|A Tough Climb for Georgia's Trains|
|April 18, 2012|
By HESTER PLUMRIDGE
The last time U.K. investors were offered shares in a rail operator was the Railtrack IPO in 1996. That experience didn't end well: The U.K. group was placed into administration in 2001 and liquidated the following year. But that hasn't deterred the government of Georgia from plans to float 25% of its national-railway group in London next month. Georgian Railway looks promising, but skeptical investors could find plenty of reasons not to climb aboard.
Georgian Railway's main business is carrying oil from Kazakhstan and Azerbaijan, the former forecast to be one of the world's fastest-growing oil producers until 2035, to the Black Sea Coast. From there, onward shipping routes to Europe are an alternative to transport through Russia. It is also expanding its freight capacity for industrial goods and building a new line to Turkey. The business is a monopoly setting its own prices: Operating margins of 54% are among the rail industry's highest. Earnings rose 72% to $104 million last year.
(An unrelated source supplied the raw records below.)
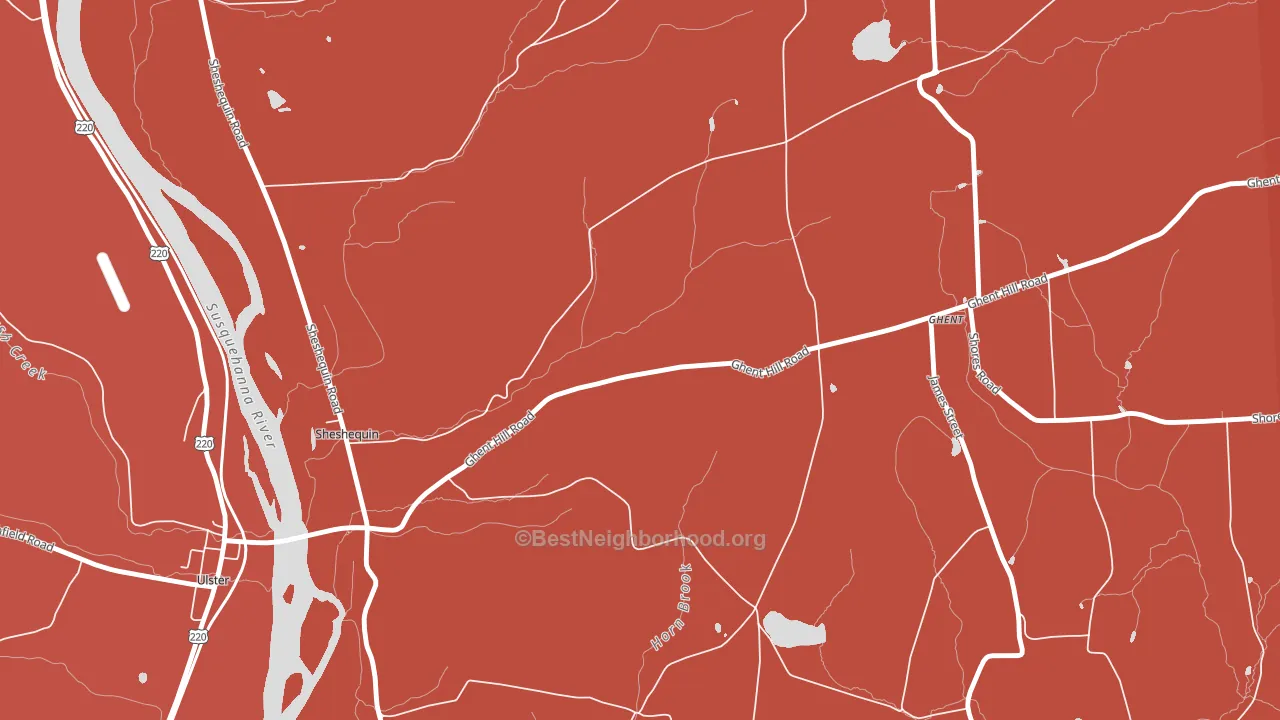 Saco, PA block-group political-lean map
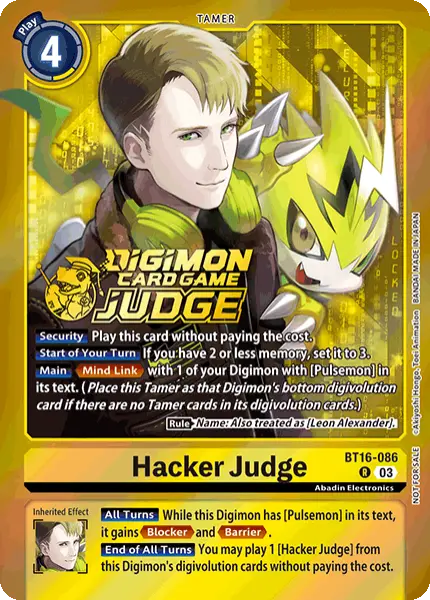 Digimon TCG Card 'BT16-086_P1' 'Hacker Judge'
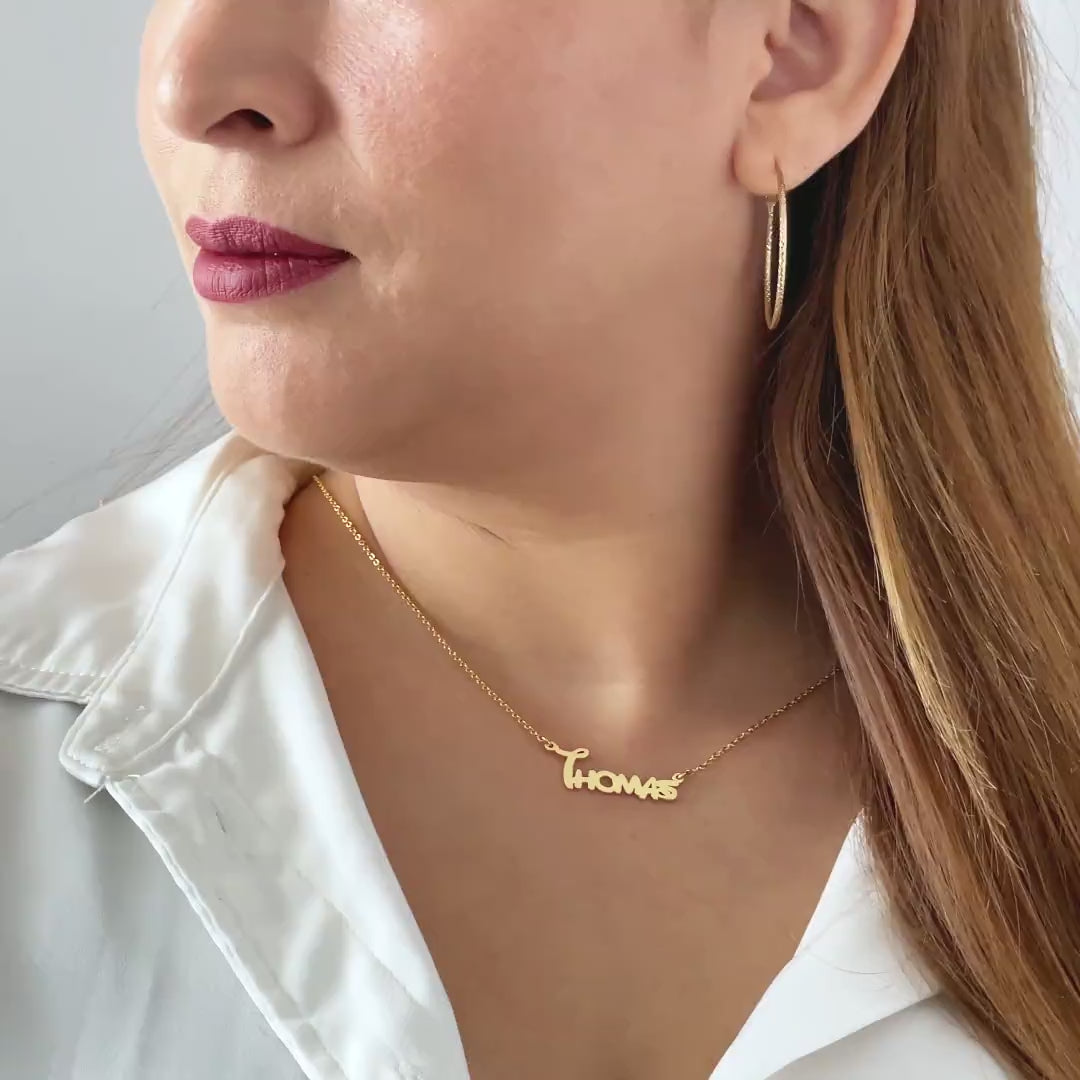 Enchanted Script Name Necklace .925 Sterling Silver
But it is no investment for the faint-hearted. Governments can change, and impose new pricing curbs. Georgia's relations with Russia and its breakaway regions South Ossetia and Abkhazia remain strained. A conflict in 2008 damaged rail assets. New oil pipelines could steal Georgian Railway's traffic. Its corporate governance doesn't yet comply with the U.K.'s code. And while currency risk is capped by hedging and charging its customers—including HeidelbergCement HEI +0.08% and BP BP.LN +0.25% —in dollars, it can't be eliminated entirely.
Of course, much depends on the price. Based on the lower end of valuations for peers including Russian group Globaltrans GLTR -0.06% and freight specialist Global Ports,which trade at around six to eight times forward Ebitda, a float could raise around $250 million, valuing Georgian Railway at about $1 billion. North American railroad operators like Canadian Pacific Railway CP -0.40% trade at nearer 10 times. Having shelved a planned IPO last year due to poor market conditions, Tbilisi mustn't be greedy if it is to keep this effort on track.